Given records: Begin

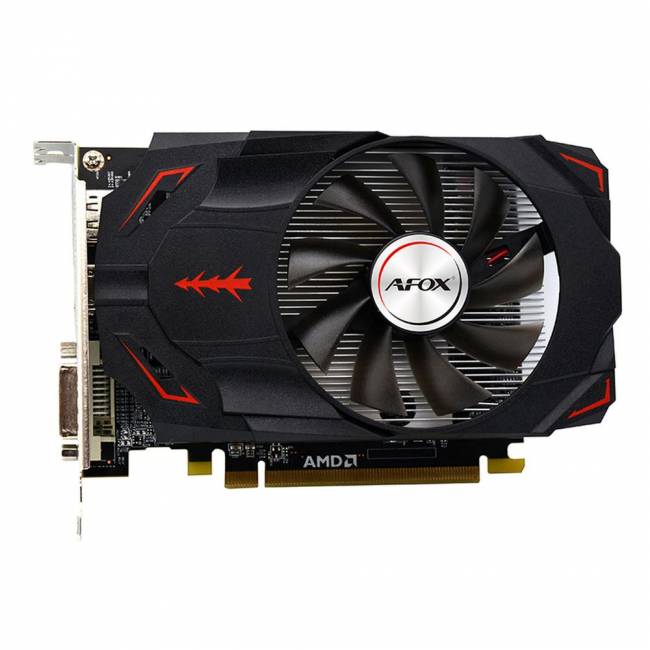Видеокарта AFOX CORPORATION AFRX550-4096D5H3 — для бизнеса и офиса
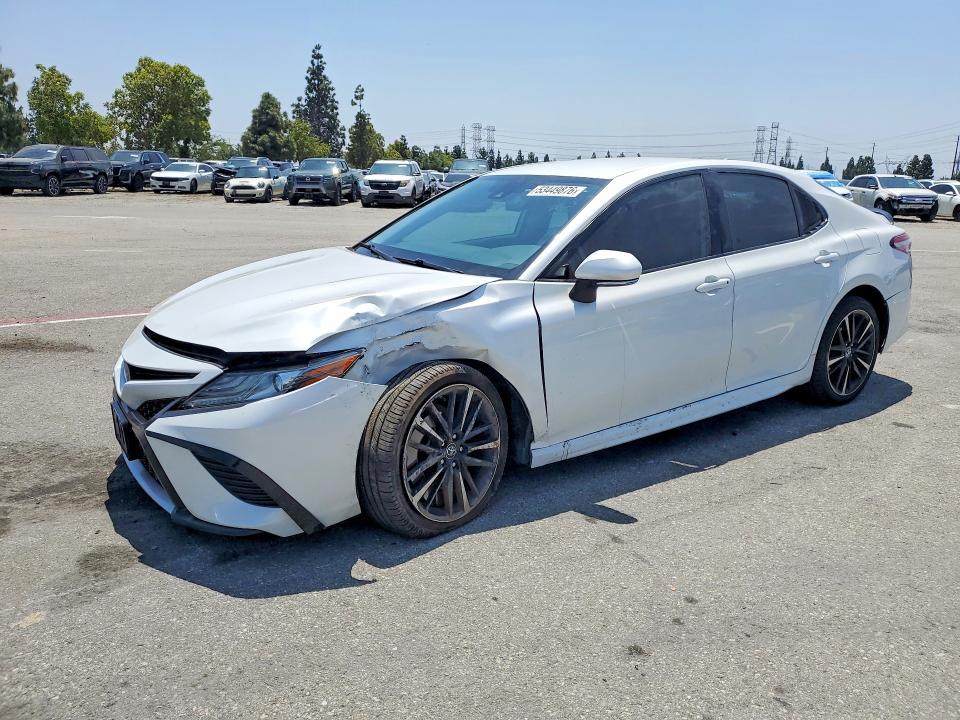 2019 TOYOTA CAMRY — VIN 4T1B61HK5KU722011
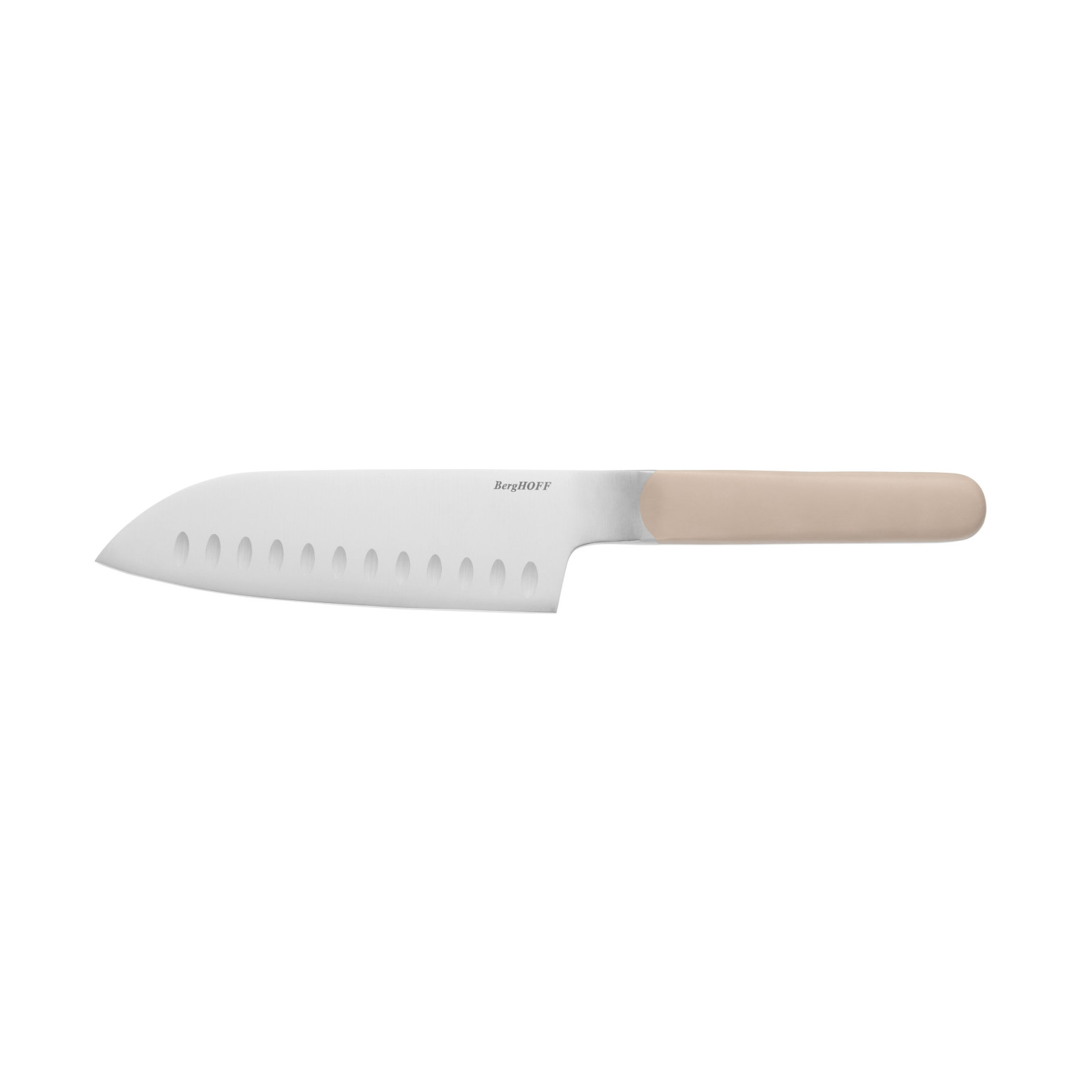 Berghoff Home Elements Santoku Bıçağı 16,70cm Mushroom - 1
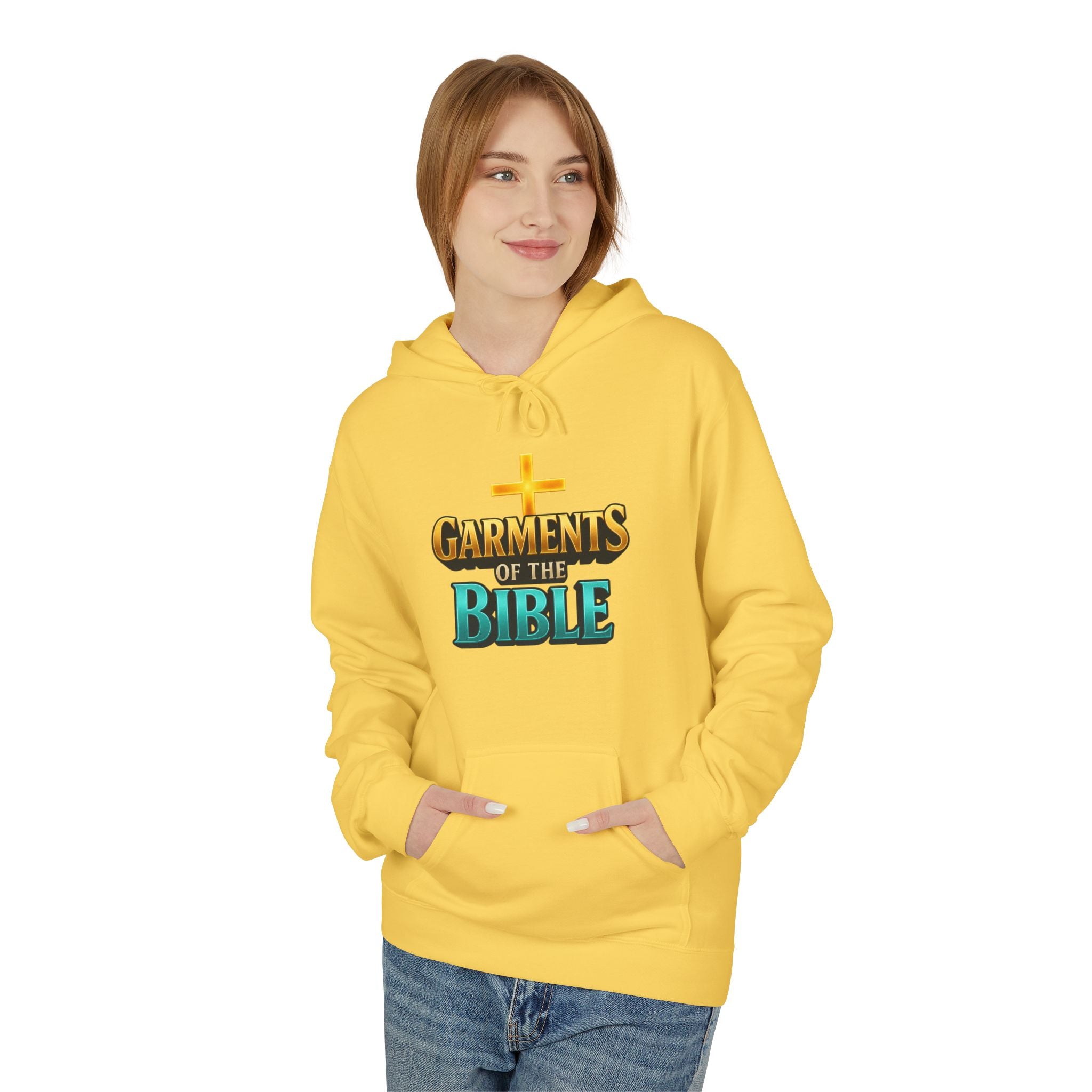 Garments of the Bible Hoodie Isaiah 54:17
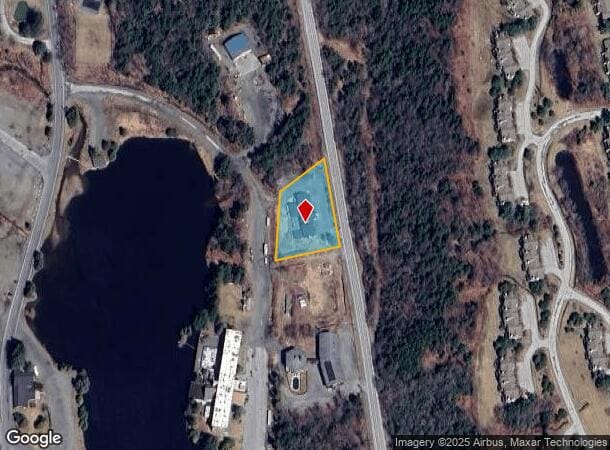  401 Vt Route 100, West Dover, VT Parcel Map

Given records: End

**Required work**
The entries above must be output exactly, with every image left out.

**Written answer**
Видеокарта AFOX CORPORATION AFRX550-4096D5H3 — для бизнеса и офиса
 2019 TOYOTA CAMRY — VIN 4T1B61HK5KU722011
 Berghoff Home Elements Santoku Bıçağı 16,70cm Mushroom - 1
 Garments of the Bible Hoodie Isaiah 54:17
  401 Vt Route 100, West Dover, VT Parcel Map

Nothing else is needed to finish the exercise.